‘Sesame Street’ show far from pedestrian
Wednesday, May 5, 2004 | 9:07 a.m.
What: Sesame Street Live "Out of This World."
When: 7 p.m. Thursday, 10:30 a.m. and 7 p.m. Friday, 10:30 a.m., 2 p.m. and 5:30 p.m. Saturday, and 1 p.m. and 4:30 p.m. Sunday.
Where: Cox Pavilion, 4505 S. Maryland Parkway.
Tickets: $10, $12, $16.
Information: 739-3267.
Life on the road ain't easy.
For a big yellow bird, a count, a grouchy man, a couple of aliens, two contentious roommates and a rubber duckie, it might seem a little, well, displeasing.
But come showtime you'd never suspect. When the curtain rises, they are undoubtedly "the people in your neighborhood."
"They feel like old friends to you," said Tom Lieberman, creative director for Sesame Street Live "Out of This World!" being presented Thursday through Sunday at the Cox Pavilion by VEE Corporation.
In the musical stage production, written by Annie Evans, a staff writer for the TSesame Street" television series, Martians are stuck on Sesame Street trying to return to space. While there, characters explore similarities of Earthlings living on completely different areas of the planet.

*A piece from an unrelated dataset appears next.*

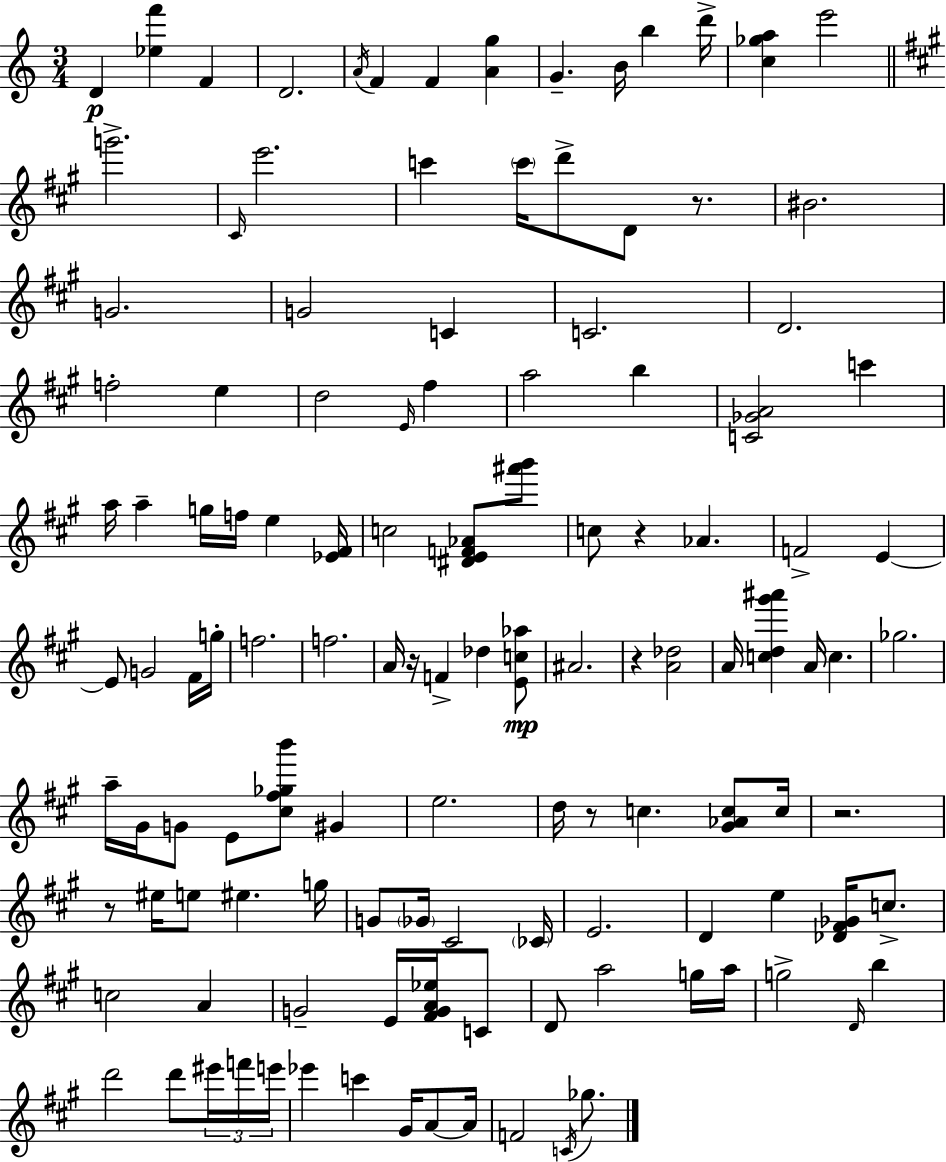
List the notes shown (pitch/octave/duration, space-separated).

D4/q [Eb5,F6]/q F4/q D4/h. A4/s F4/q F4/q [A4,G5]/q G4/q. B4/s B5/q D6/s [C5,Gb5,A5]/q E6/h G6/h. C#4/s E6/h. C6/q C6/s D6/e D4/e R/e. BIS4/h. G4/h. G4/h C4/q C4/h. D4/h. F5/h E5/q D5/h E4/s F#5/q A5/h B5/q [C4,Gb4,A4]/h C6/q A5/s A5/q G5/s F5/s E5/q [Eb4,F#4]/s C5/h [D#4,E4,F4,Ab4]/e [A#6,B6]/e C5/e R/q Ab4/q. F4/h E4/q E4/e G4/h F#4/s G5/s F5/h. F5/h. A4/s R/s F4/q Db5/q [E4,C5,Ab5]/e A#4/h. R/q [A4,Db5]/h A4/s [C5,D5,G#6,A#6]/q A4/s C5/q. Gb5/h. A5/s G#4/s G4/e E4/e [C#5,F#5,Gb5,B6]/e G#4/q E5/h. D5/s R/e C5/q. [G#4,Ab4,C5]/e C5/s R/h. R/e EIS5/s E5/e EIS5/q. G5/s G4/e Gb4/s C#4/h CES4/s E4/h. D4/q E5/q [Db4,F#4,Gb4]/s C5/e. C5/h A4/q G4/h E4/s [F#4,G4,A4,Eb5]/s C4/e D4/e A5/h G5/s A5/s G5/h D4/s B5/q D6/h D6/e EIS6/s F6/s E6/s Eb6/q C6/q G#4/s A4/e A4/s F4/h C4/s Gb5/e.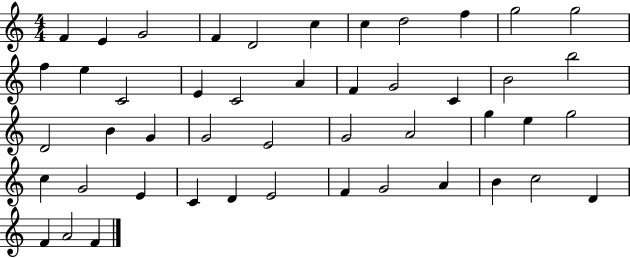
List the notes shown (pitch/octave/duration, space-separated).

F4/q E4/q G4/h F4/q D4/h C5/q C5/q D5/h F5/q G5/h G5/h F5/q E5/q C4/h E4/q C4/h A4/q F4/q G4/h C4/q B4/h B5/h D4/h B4/q G4/q G4/h E4/h G4/h A4/h G5/q E5/q G5/h C5/q G4/h E4/q C4/q D4/q E4/h F4/q G4/h A4/q B4/q C5/h D4/q F4/q A4/h F4/q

Audiences are taken to Sesame Streets throughout the world, including the the Russian Sesame Street show, "Ulitsa Sesame," and the South African Sesame Street show, "Takalami Sesame."

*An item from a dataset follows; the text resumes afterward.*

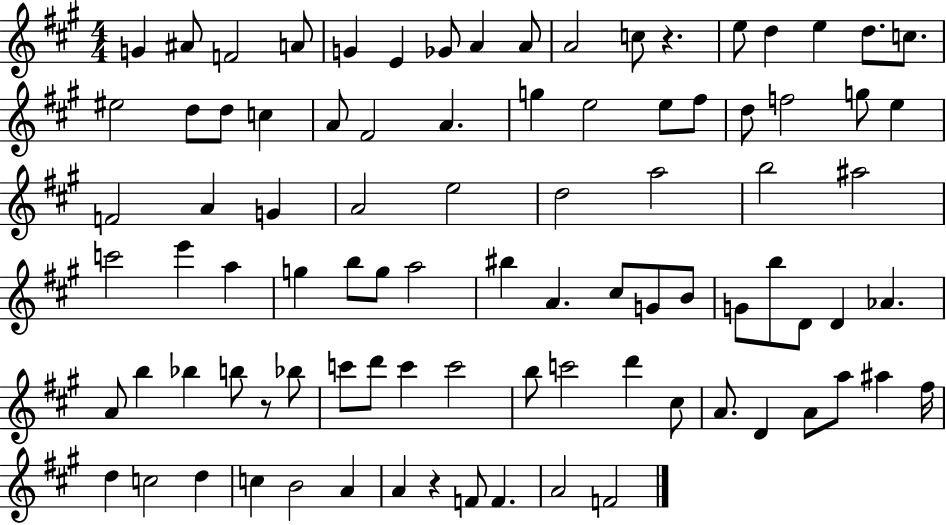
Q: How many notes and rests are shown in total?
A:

"We learn different words in different languages," Lieberman said. "The theme of this show is that we are all on Earth together and that we are a family of friends living on the same planet.
"It's a message of global understanding. We feel that's a good lesson these days."
Sesame Street Live began touring in September 1980 in Minneapolis. The production features all the familiar characters of the television show: Bert and Ernie, Big Bird, Oscar, the Count, Elmo, Cookie Monster and Grover.
The Emmy Award-winning educational television program premiered on public television in November 1969. It is celebrating its 35th anniversary this year and is broadcast in 148 countries.
Unlike the television show, the stage production, where the characters (actors in costumes) sing and dance, allows audiences to see some leg.
"Even Oscar has a leg moment," Lieberman said. "Oscar emerges and walks out of the can."
Creating the characters to scale and ensuring that cast members don't overheat in the costumes was probably the greatest challenge in creating Sesame Street Live productions, Lieberman said. But for audiences, it's worth the effort.
"With television, although it feels like they're speaking live to you, they're not," Lieberman said. "When you get into an arena or theater, you are breathing the same air as them. There's a certain electricity you get that you don't get on television."
Lieberman, a veteran writer, producer and director who worked 10 years with Garrison Keillor's "Prairie Home Companion," even wrote a song for the show.
The storyline, however, was tackled by Evans.
"She knows so well the education curriculum the show is trying to promote, the background of characters, their motivations," Lieberman said.
"She knows the characters inside and out -- literally."